# What Is The Best....



## DavidH (Feb 24, 2003)

...lubricant for plastic. Specifically the gearchange linkages on my trusty( with a silient T) Volkswagen.

I oiled them a while ago and they have got really sticky so something seems not compatable.

Any experience?


----------



## Silver Hawk (Dec 2, 2003)

PTFE spray?









I have a couple of old cans used by Volvo dealerships....use it for lubricating plastic etc.


----------



## Griff (Feb 23, 2003)

I use air gun oil


----------



## DavidH (Feb 24, 2003)

Silver Hawk said:


> PTFE spray?
> 
> 
> 
> ...


That could be the ticket

isnt that the stuff that is dry after the solvent /carrier goes away. Every factory is bound to have some hidden away somewhere, along with the jumbo box of batteries and hacksaw blades.

Just got to find it now


----------



## pg tips (May 16, 2003)

theres a product that comes in a spray can called white grease that is usually used for this sort of thing.

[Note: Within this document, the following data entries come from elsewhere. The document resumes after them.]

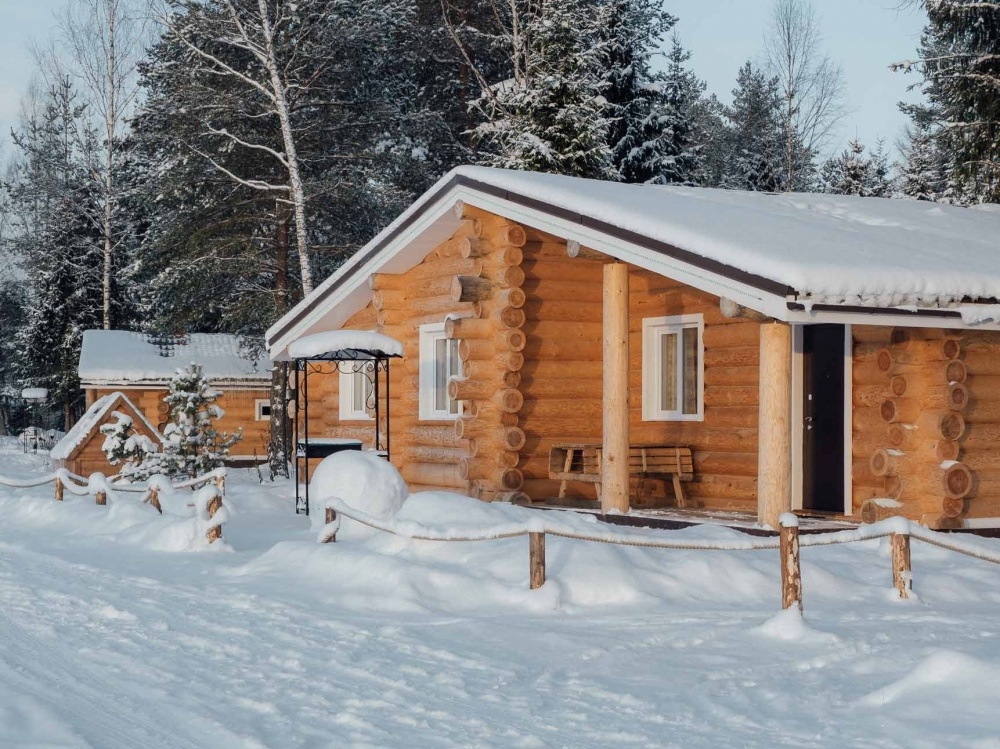 Фото Пикник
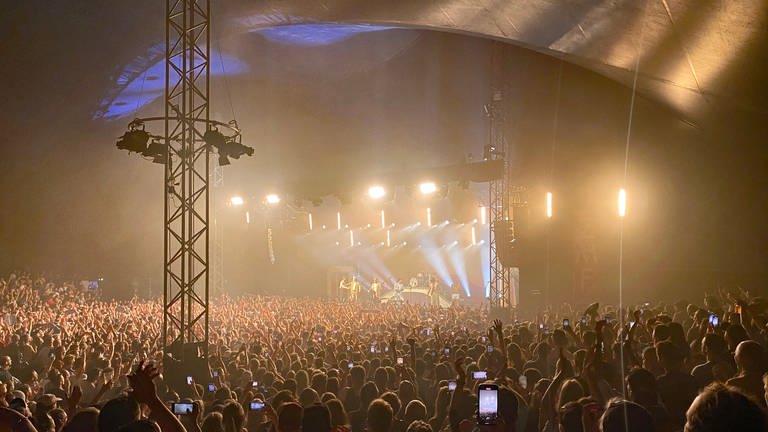 Roy Bianco & Die Abbrunzati Boys stehen auf der Bühne beim ZMF Freiburg 2023.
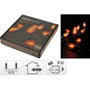 Basics Guirnalda 10 LED Efecto Llama IP44 Interior/Exterior 510 cm 220V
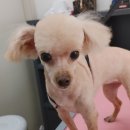 샤니미용실 네이버블로그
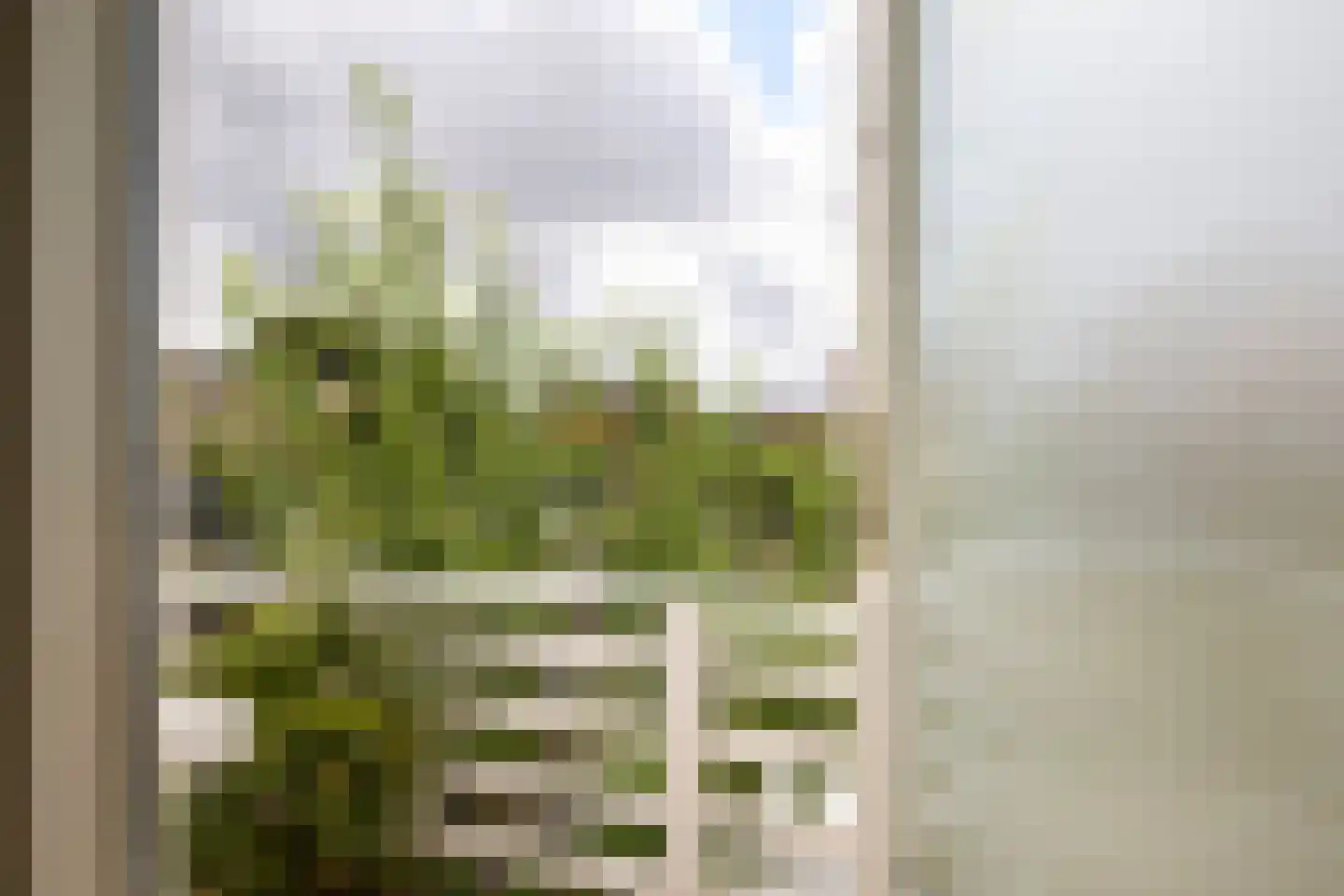 Camplaan 9 A Heemstede thumbnail 24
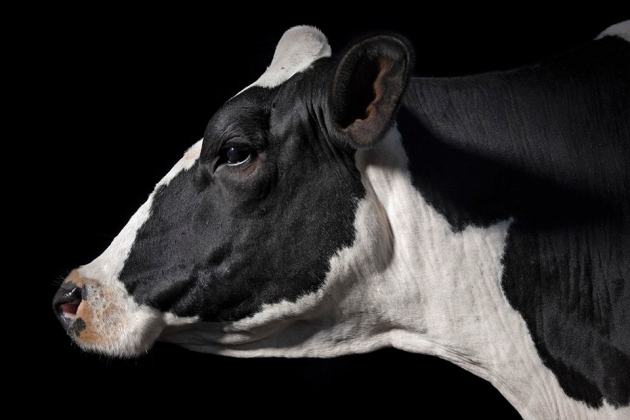 photo of UK bioethicists eye designer babies and CRISPR cows image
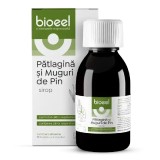Sirop Patlagina Muguri Pin Bioeel 120 ml - Suport Respirator, Tuse Productiva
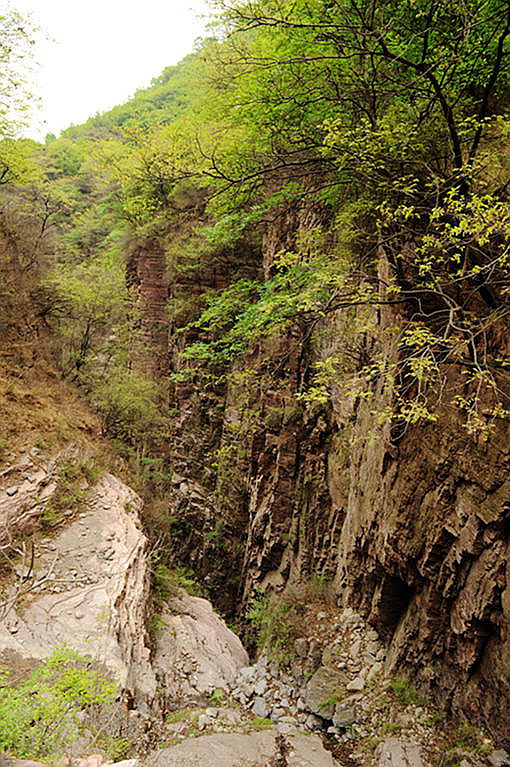 dsc_8514.jpg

Failing that a silicone based lubricant is ok for plastic (ky jelly or vasaline







would probably work as well)


----------



## Boxbrownie (Aug 11, 2005)

Not vaseline...its petroleum based and will harm most plastics, stick to a PTFE or silicone based lubricant.

Best regards David


----------



## JonF (Aug 26, 2005)

Lithium grease. Totally safe on plastics and rubber, so won't stick up the gear lever shroud if you get any on it.


----------